ISAKOS Congress 2021

2021 ISAKOS Biennial Congress Paper


Can BMAC Application Safely Diminish Perioperative Pain In Patients Undergoing Hip Arthroscopy?

Michael Peter Kucharik, BS, Boston, Massachusetts UNITED STATES
Paul F Abraham, BS, Boston, Massachusetts UNITED STATES
Mark R. Nazal, MPH, Stoneham, MA UNITED STATES
Nathan Varady, MD, MBA, Boston, MA UNITED STATES
Wendy Madeline Meek, BBA, Boston, Massachusetts UNITED STATES
Stephen M Gillinov, AB, New Haven, Connecticut UNITED STATES
Christopher T Eberlin, BS, Boston, MA UNITED STATES
Scott Martin, MD, Boston, MA UNITED STATES

Massachusetts General Hospital, Boston, MA, UNITED STATES

FDA Status Not Applicable


Patients who received BMAC during arthroscopic labral repair reported significantly less pain than those who did not receive BMAC. Patients receiving BMAC also reported with minimal complications.



The purpose of this study was to compare pain levels and medication use in the perioperative period in patients undergoing arthroscopic labral repair with and without BMAC application.

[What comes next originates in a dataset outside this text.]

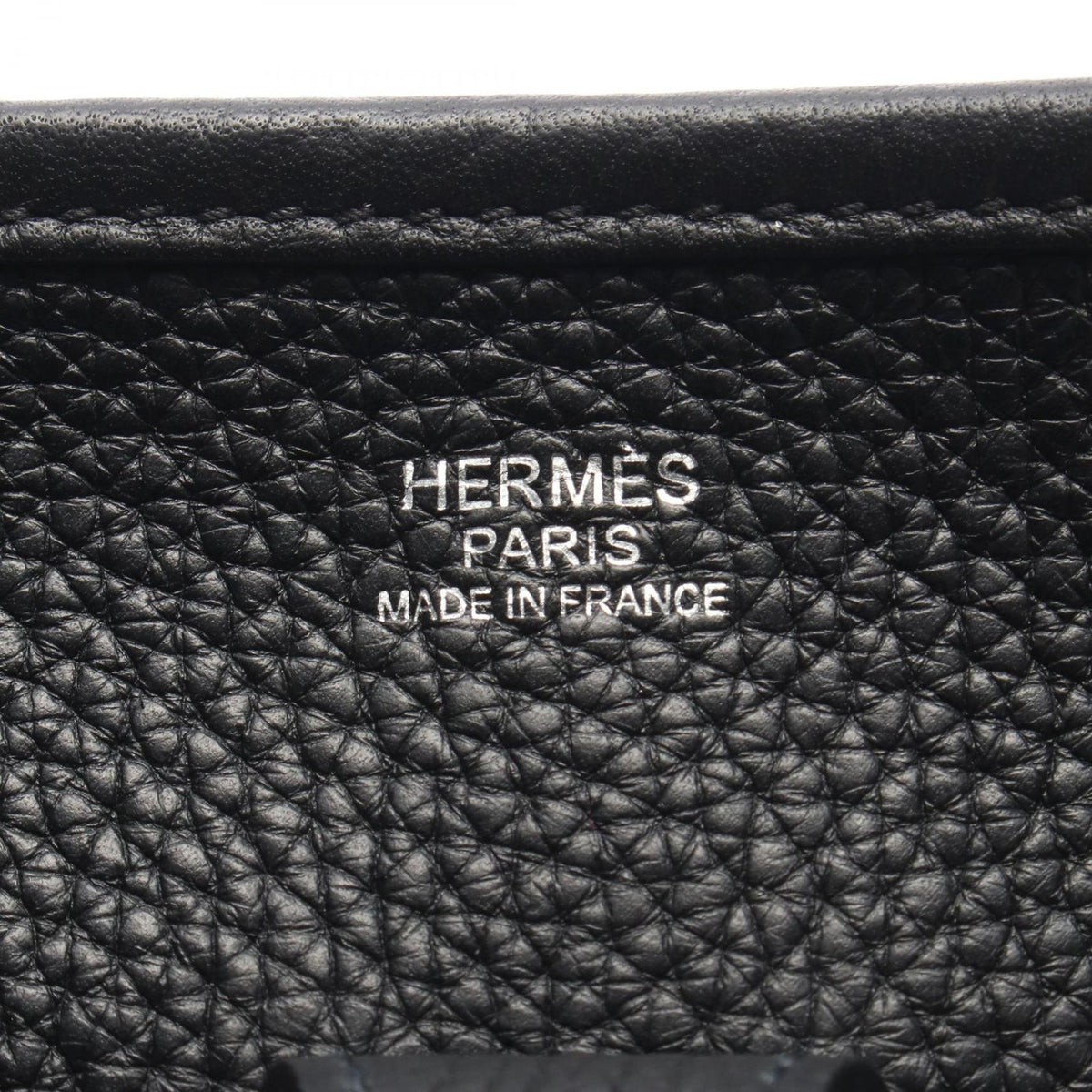 Hermes Shoulder Bag Evelyne 3 Trois PM Black — view 4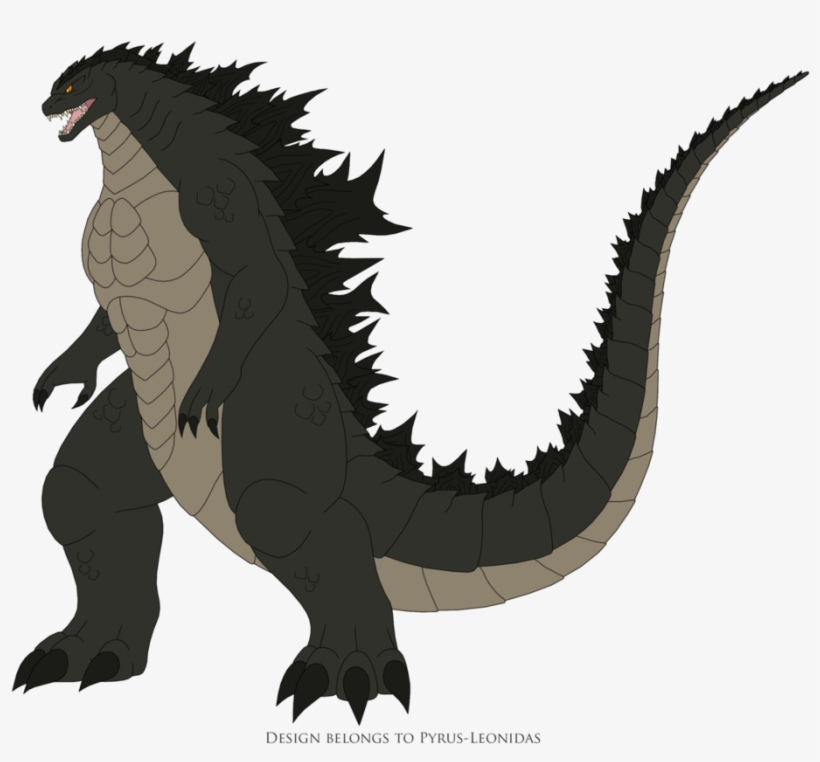 Godzilla 2019 By Pyrus Leonidas Godzilla 2019 Pyrus Leonidas Png Image Transparent Png Free Download On Seekpng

The secondary purpose of this study was to report safety of the procedure by evaluating post-operative complications from the perioperative period to final follow-up.


A prospective cohort of consecutive patients undergoing arthroscopic acetabular labral repair with possible BMAC application between January 2018 and March 2020 were offered enrollment into the study. BMAC was not used in patients with widespread degenerative changes or patients without any discernable degenerative changes. Each patient was prescribed 20 tablets of 5 mg oxycodone and was instructed to take 1 tablet for breakthrough pain of moderate intensity. Patients were instructed to complete a medication and visual analog scale (VAS) pain tracker and return it at their suture removal appointment, approximately 12-14 days after surgery. Outcomes collected from this tracker were compared between the group of patients treated with BMAC and the group not treated with BMAC. In addition, retrospective chart review was conducted for 171 patients who received BMAC by the senior surgeon during arthroscopic acetabular labral repair. Progress notes from the perioperative period until final follow-up were examined for possible complications related to BMAC harvesting and application.


Seventy patients [40 (57.1%) males] completed the medication and pain tracker. 59 (84.3%) of these patients underwent BMAC application. Mean (95% CI) age was 31.71 (29.52, 33.91). On postoperative day #1 (POD#1), VAS pain scores were lower in the BMAC group, approaching statistical significance (4.76 vs. 6.18 p=0.095). The BMAC group reported significantly less pain than the No BMAC group on POD#5 (3.53 vs. 5.18; p=0.010), POD #10 (2.23 vs. 3.73; p=0.014), and the suture removal appointment (1.80 vs. 3.18; p=0.008). The mean length of opioid (4.02 vs. 2.82 days; p=0.348) and NSAID (8.59 vs. 8.00 days; p=0.677) usage did not differ significantly between groups. The total number of opioid (8.47 vs. 7.45; p=0.715) and NSAID (27.83 vs. 21.36; p=0.464) pills taken also did not differ significantly between groups. The maximum number of opioid (2.61 vs. 2.64; p=0.973) and NSAID (5.07 vs. 5.55; p=0.708) pills taken in a single day was also similar. Among the 171 patients in the retrospective cohort, 19 (11.1%) had signs of heterotopic ossification (HO) on follow-up radiograph, 2 (1.2%) progressed to total hip arthroplasty (THA) by final follow-up, and 1 (0.5%) had evidence of neuropraxia. Zero patients had evidence of wound infection, joint infection, skin necrosis, hemorrhage, avascular necrosis, or required a repeat arthroscopic procedure.


Patients treated with BMAC at the time of hip arthroscopy had significantly lower VAS pain scores than those not treated with BMAC, despite undergoing bone marrow aspiration—normally a painful procedure. Furthermore, the patients treated with BMAC used opioids and NSAID medications at similar rates as those treated without BMAC. Patients treated with BMAC suffered minimal postoperative complications, as zero patients had evidence of joint infection, wound infection, or hemorrhage secondary to BMAC harvesting and application.